- **Exercise goal**:
Take the entries below and retype them word for word, excluding the images.

[[ Data for review, beginning ]]

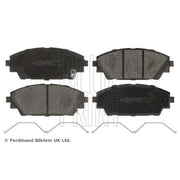 Blue Print Front Brake Pad Set ADBP420130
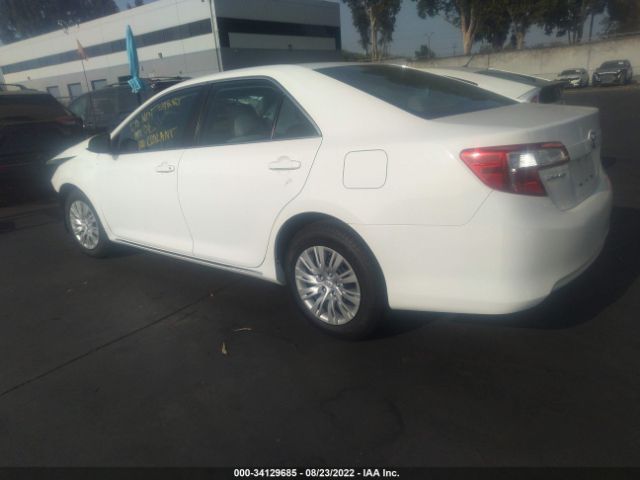 Photo 2 VIN: 4T4BF1FK3ER366011 - TOYOTA CAMRY 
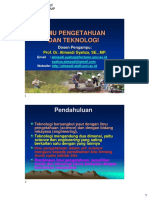 02 - Ilmupengetahuan Dan Teknologi PDF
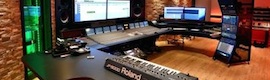 Reflexion Arts construye el nuevo estudio Imagine Sound en Barcelona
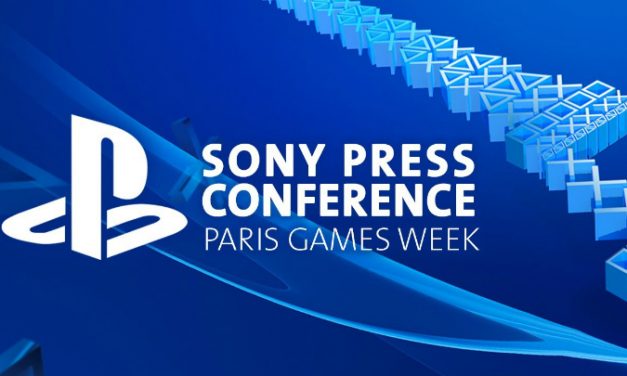 Velike najave igara tokom Paris Game Week od strane Sonija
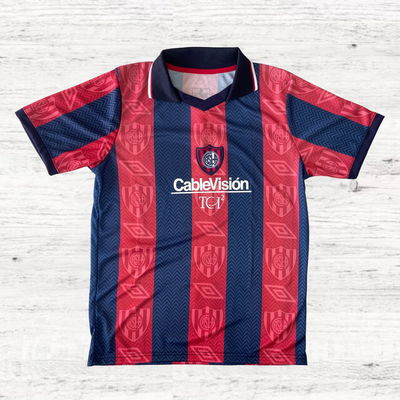 CAMISETA RETRO SAN LORENZO 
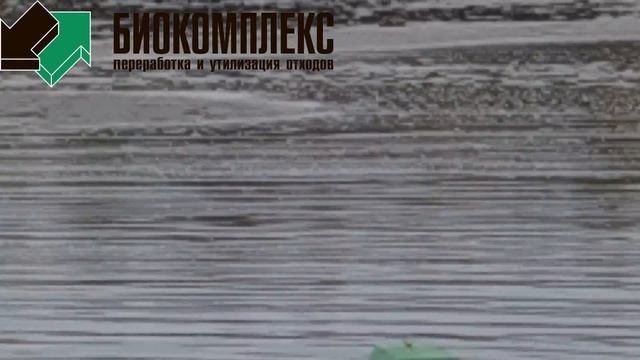 Испытание плавающей мешалки аэратора PMX-1-30,0-2. смотреть онлайн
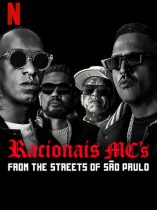 Racionais MC's: From the Streets of Sao Paulo (2022)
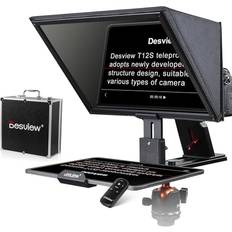 T12S Aluminiumlegierung Teleprompter
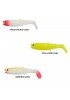 Remixon Buster Shad 8cm Silikon Yem (25 Adet)
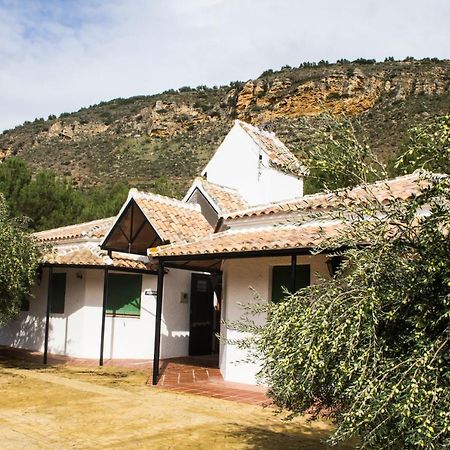 Centro De Ocio Alua Casa Rural Iznajar Lago De Andalucia Экстерьер фото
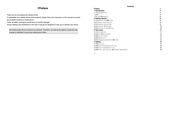Coral 640 User Manual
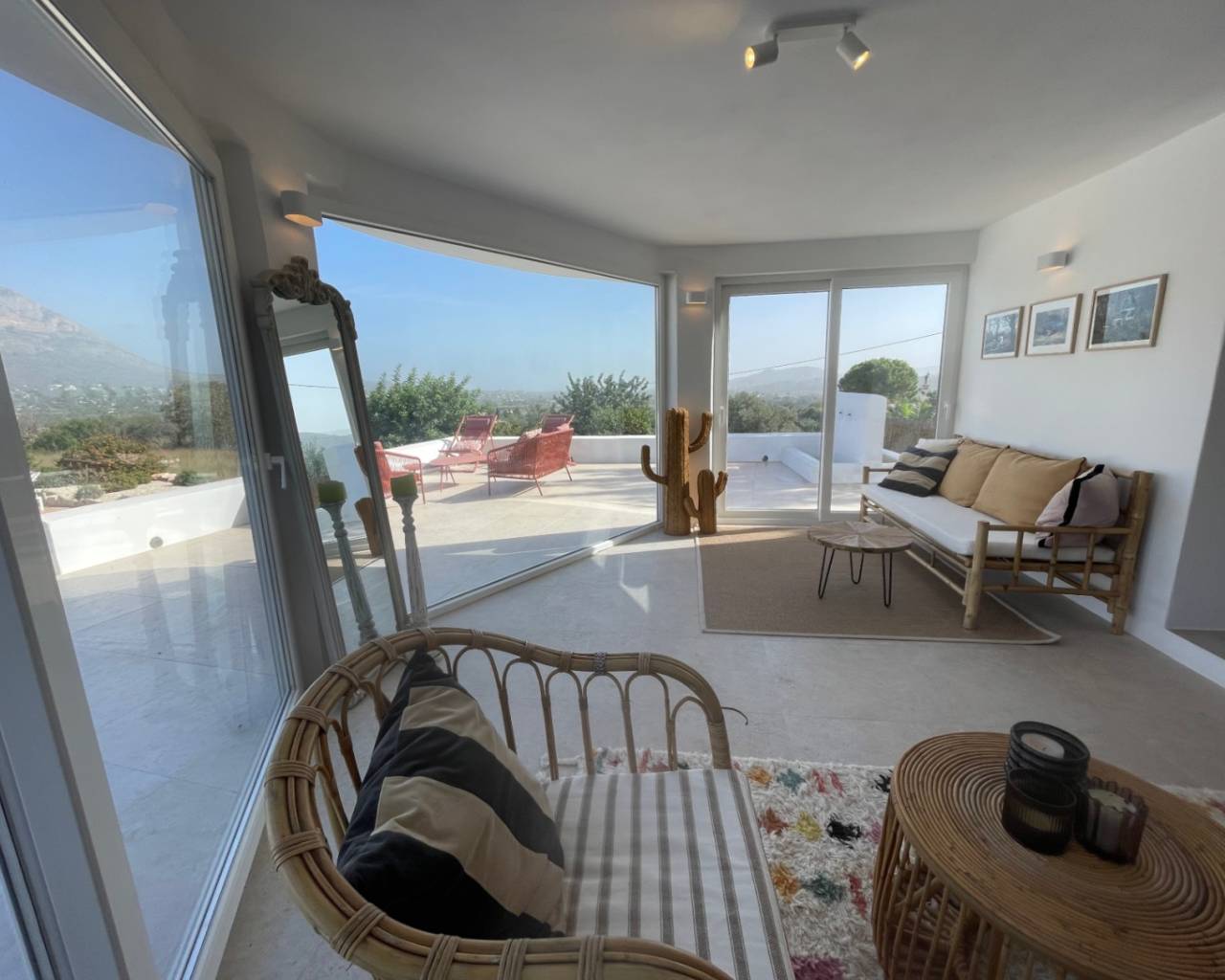 Vente - Villa individuelle - Javea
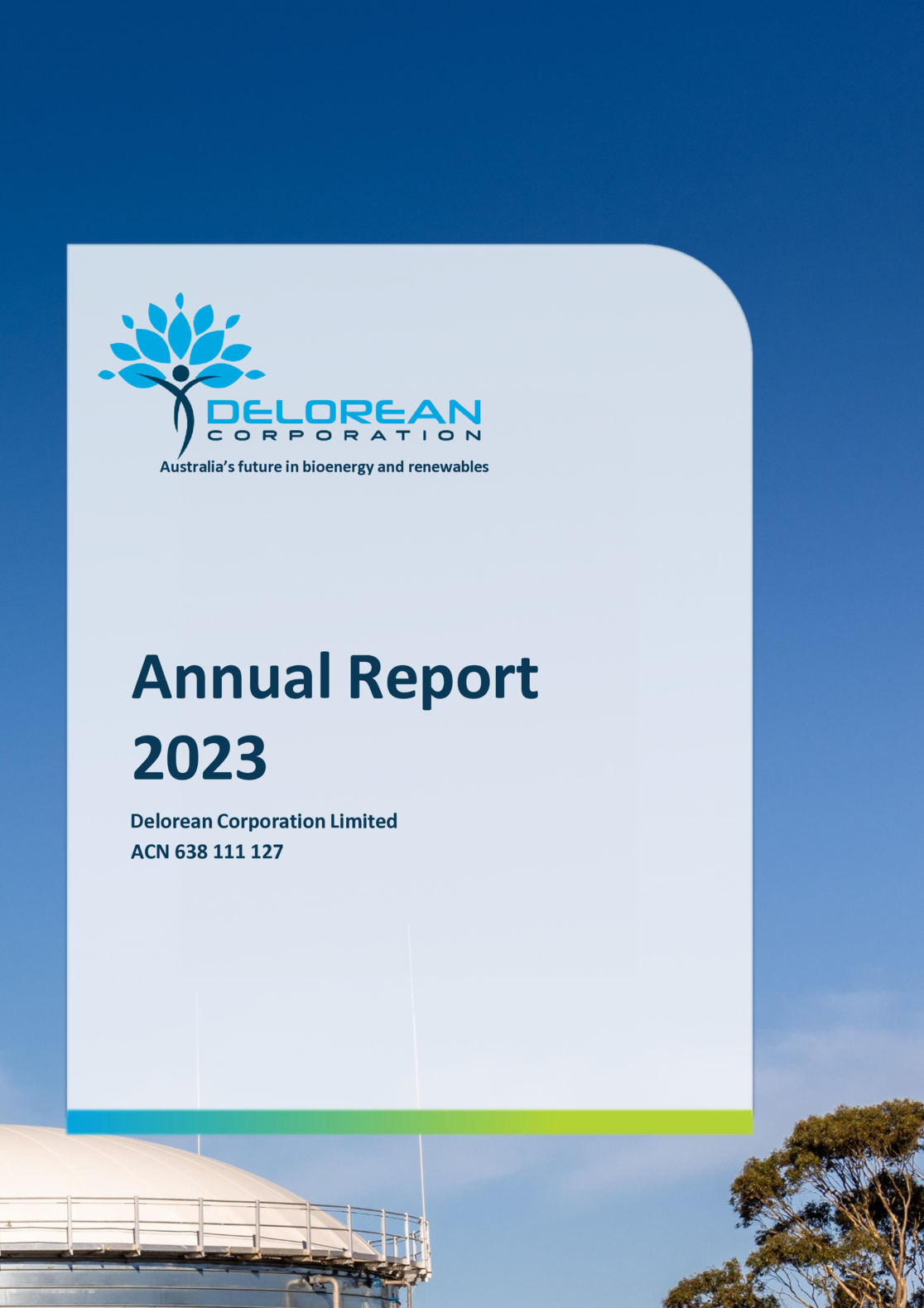 ASX:DEL - FY23 Annual Report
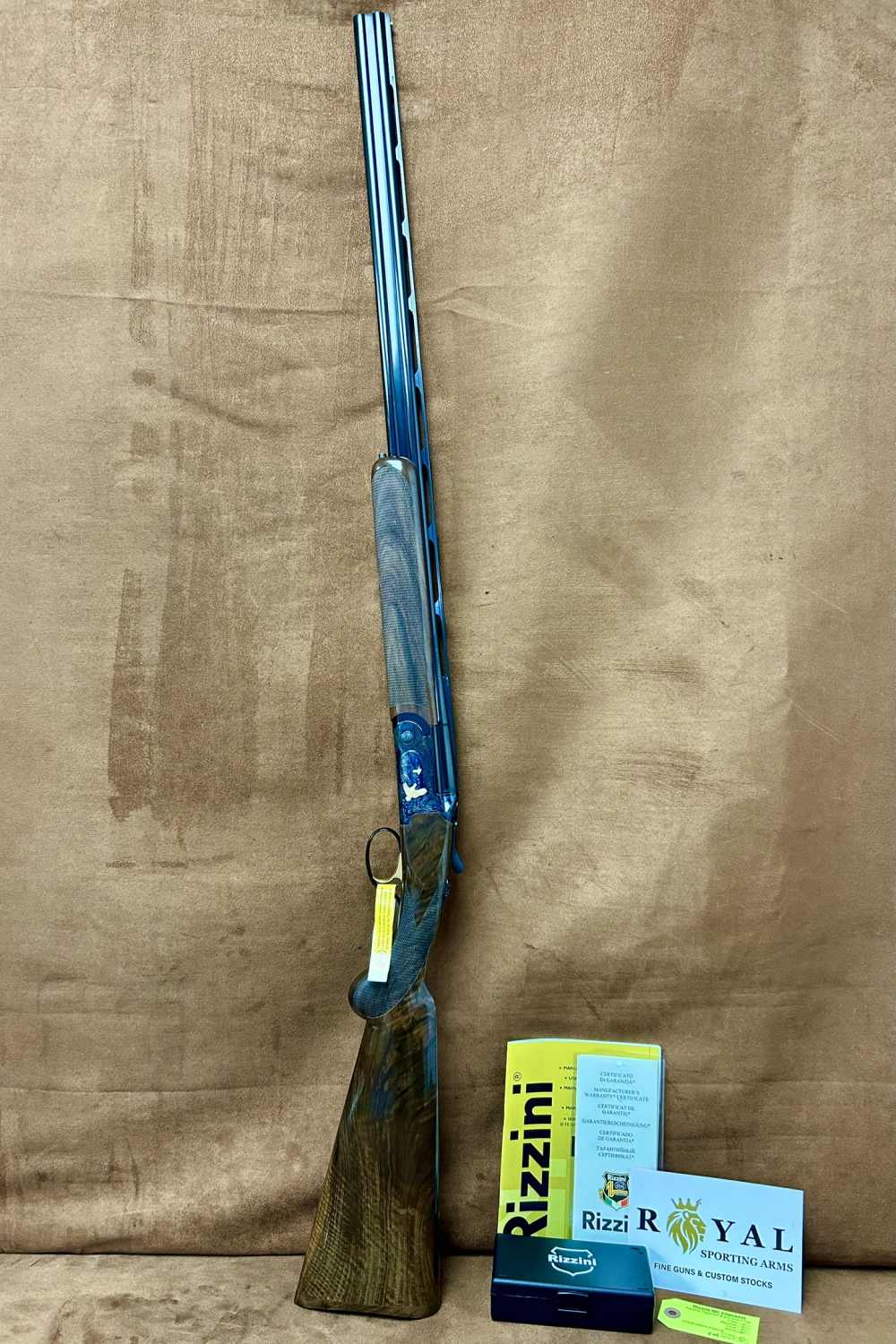 Rizzini Aurum EVO Classic .410 28" | 141118-img-2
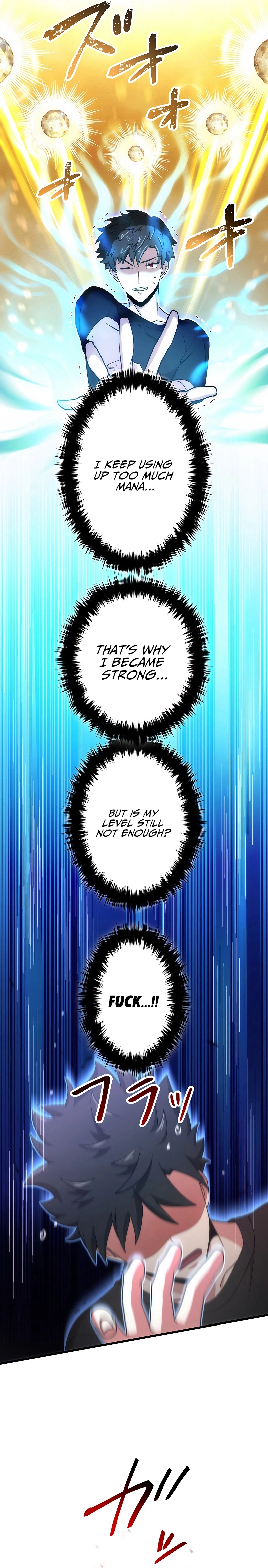 The Regressed S-Class Adventurer's Quest Life Chapter 29 Page 15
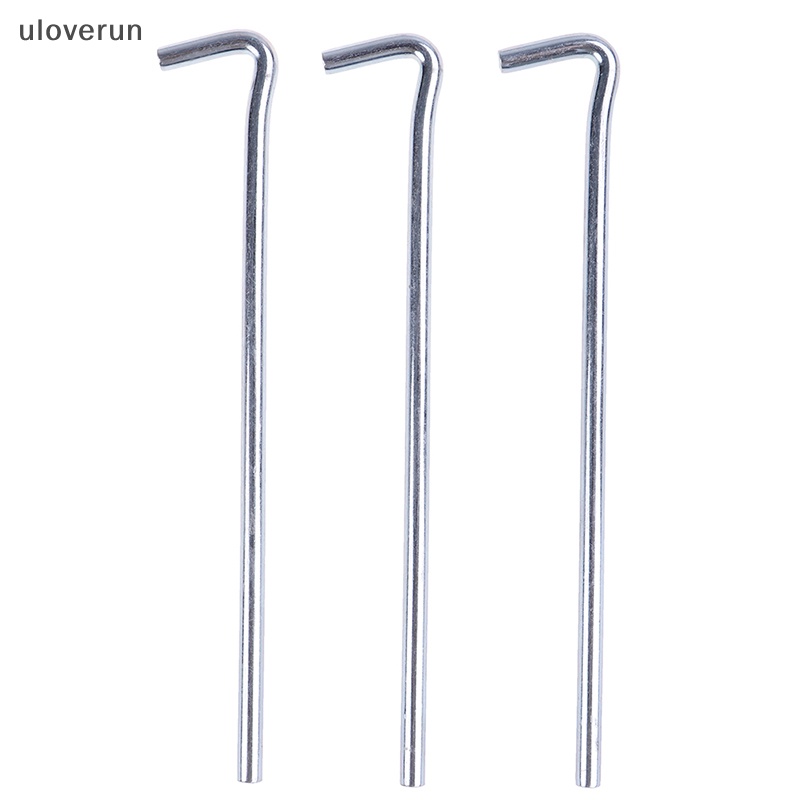 Bộ 5 Cọc Dựng Lều Bằng Hợp Kim Thép Cứng Chắc Chắn vn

[[ Data for review, end ]]

- **Answer to this exercise**:
 Blue Print Front Brake Pad Set ADBP420130
 Photo 2 VIN: 4T4BF1FK3ER366011 - TOYOTA CAMRY 
 02 - Ilmupengetahuan Dan Teknologi PDF
 Reflexion Arts construye el nuevo estudio Imagine Sound en Barcelona
 Velike najave igara tokom Paris Game Week od strane Sonija
 CAMISETA RETRO SAN LORENZO 
 Испытание плавающей мешалки аэратора PMX-1-30,0-2. смотреть онлайн
 Racionais MC's: From the Streets of Sao Paulo (2022)
 T12S Aluminiumlegierung Teleprompter
 Remixon Buster Shad 8cm Silikon Yem (25 Adet)
 Centro De Ocio Alua Casa Rural Iznajar Lago De Andalucia Экстерьер фото
Coral 640 User Manual
 Vente - Villa individuelle - Javea
 ASX:DEL - FY23 Annual Report
 Rizzini Aurum EVO Classic .410 28" | 141118-img-2
 The Regressed S-Class Adventurer's Quest Life Chapter 29 Page 15
 Bộ 5 Cọc Dựng Lều Bằng Hợp Kim Thép Cứng Chắc Chắn vn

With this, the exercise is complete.